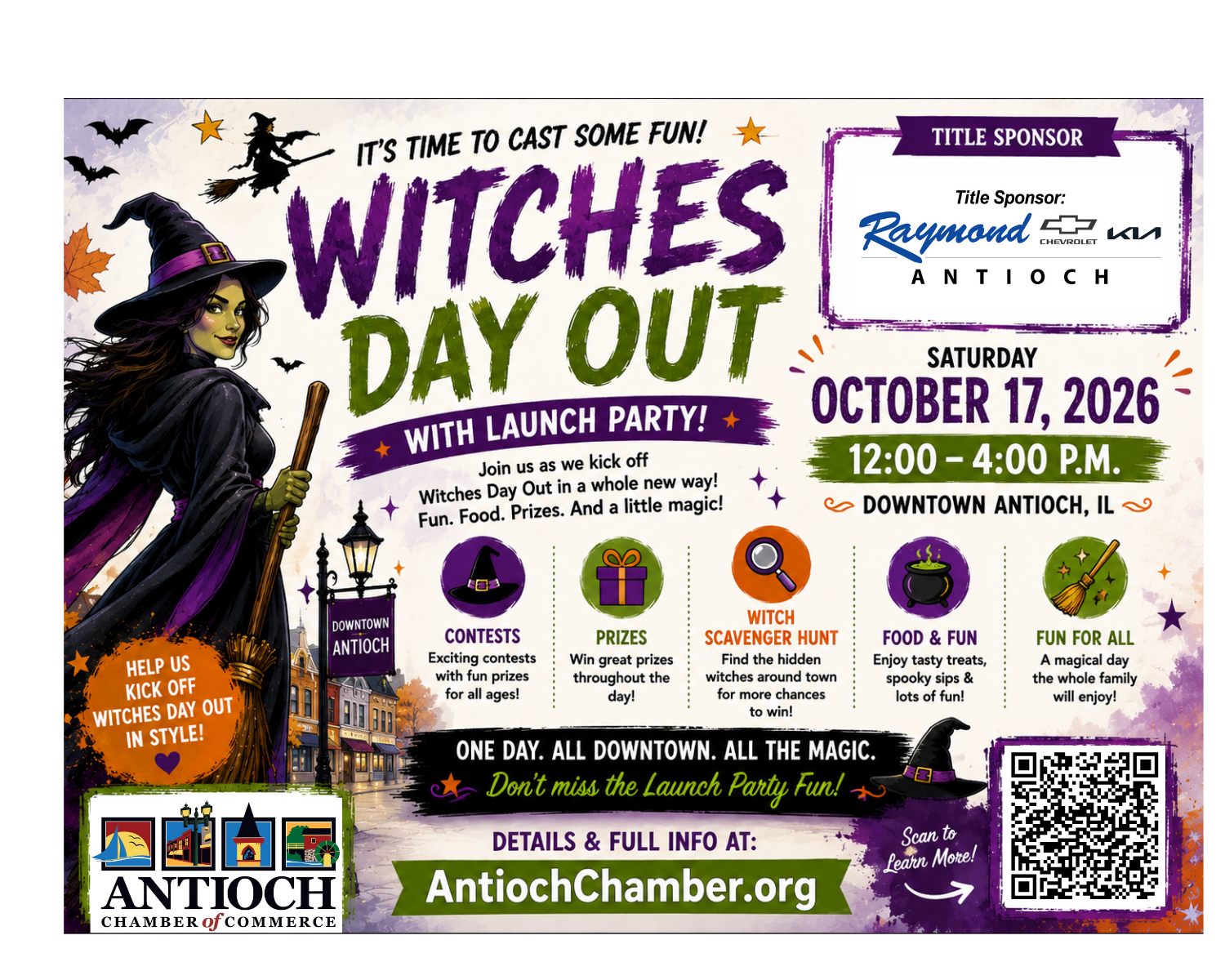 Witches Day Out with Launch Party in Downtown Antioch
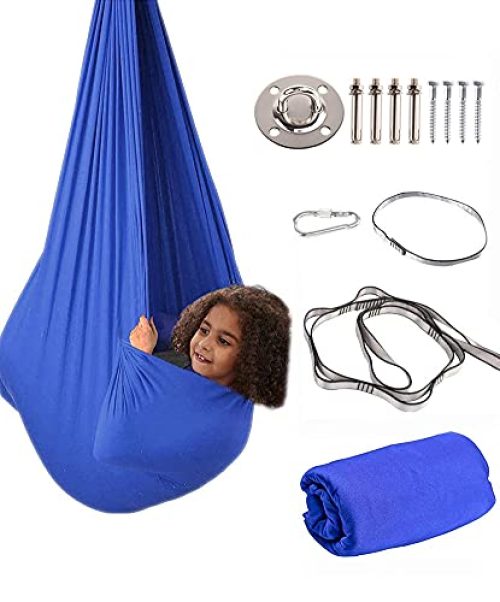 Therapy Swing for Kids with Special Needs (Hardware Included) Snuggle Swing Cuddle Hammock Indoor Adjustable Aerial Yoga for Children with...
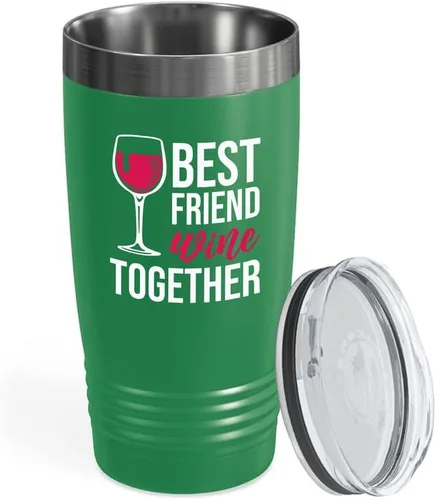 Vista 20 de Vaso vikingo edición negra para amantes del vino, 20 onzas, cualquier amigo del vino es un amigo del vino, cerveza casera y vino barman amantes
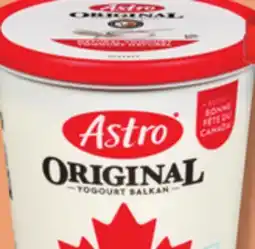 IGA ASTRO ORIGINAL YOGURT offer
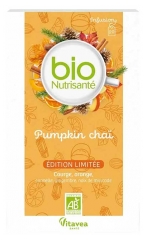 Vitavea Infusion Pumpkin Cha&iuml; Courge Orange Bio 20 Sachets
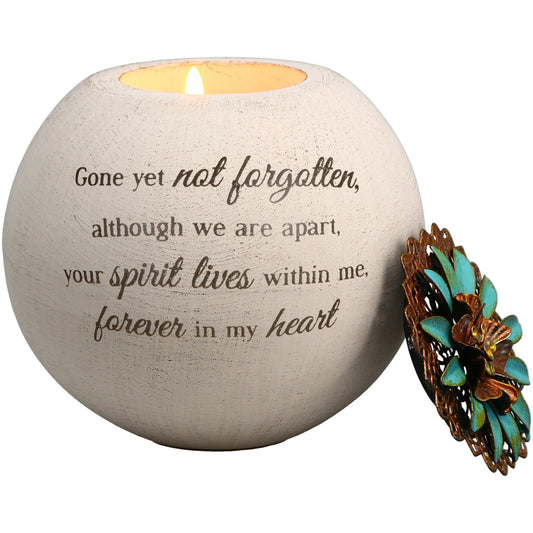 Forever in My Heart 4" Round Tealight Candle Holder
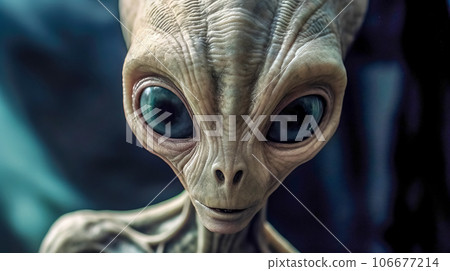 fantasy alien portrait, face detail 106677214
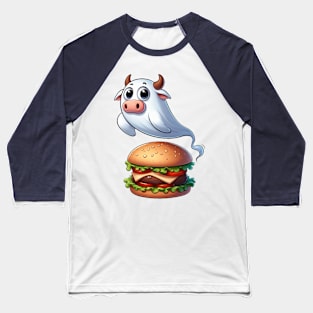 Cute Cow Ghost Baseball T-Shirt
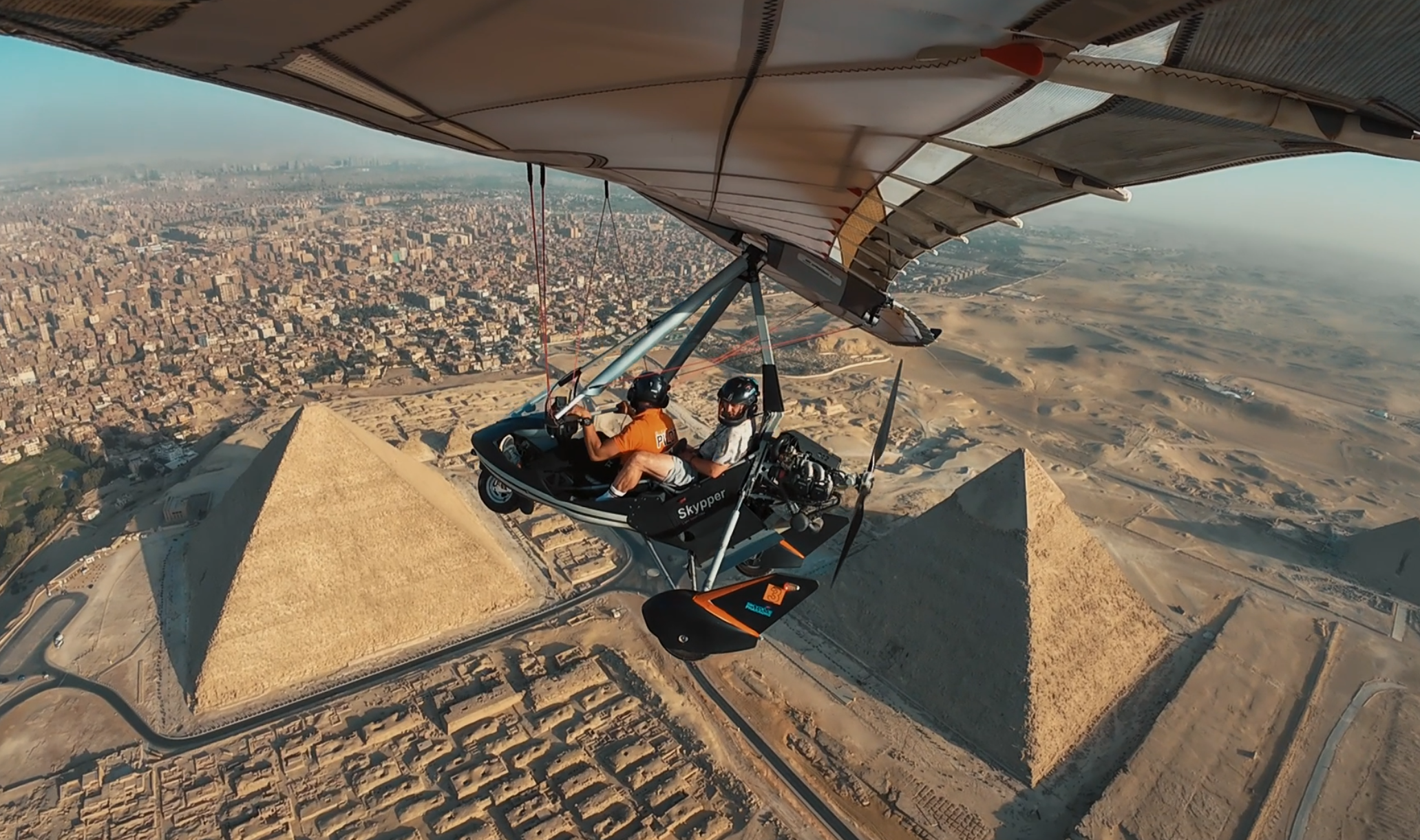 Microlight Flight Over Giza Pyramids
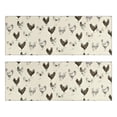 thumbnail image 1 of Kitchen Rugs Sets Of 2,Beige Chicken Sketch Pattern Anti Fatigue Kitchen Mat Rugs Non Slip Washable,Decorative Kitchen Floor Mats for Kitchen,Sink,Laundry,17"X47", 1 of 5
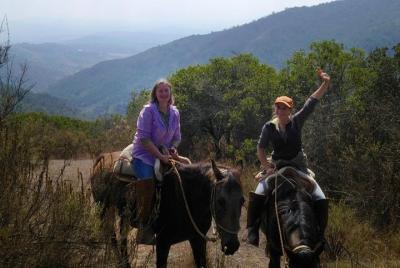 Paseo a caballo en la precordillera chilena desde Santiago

---+---

All of the entries above must be reproduced exactly, and no image may be included.

 Witches Day Out with Launch Party in Downtown Antioch
 Therapy Swing for Kids with Special Needs (Hardware Included) Snuggle Swing Cuddle Hammock Indoor Adjustable Aerial Yoga for Children with...
 Vista 20 de Vaso vikingo edición negra para amantes del vino, 20 onzas, cualquier amigo del vino es un amigo del vino, cerveza casera y vino barman amantes
 IGA ASTRO ORIGINAL YOGURT offer
 Vitavea Infusion Pumpkin Cha&iuml; Courge Orange Bio 20 Sachets
 Forever in My Heart 4" Round Tealight Candle Holder
 fantasy alien portrait, face detail 106677214
 Cute Cow Ghost Baseball T-Shirt
 Microlight Flight Over Giza Pyramids
 thumbnail image 1 of Kitchen Rugs Sets Of 2,Beige Chicken Sketch Pattern Anti Fatigue Kitchen Mat Rugs Non Slip Washable,Decorative Kitchen Floor Mats for Kitchen,Sink,Laundry,17"X47", 1 of 5
 Paseo a caballo en la precordillera chilena desde Santiago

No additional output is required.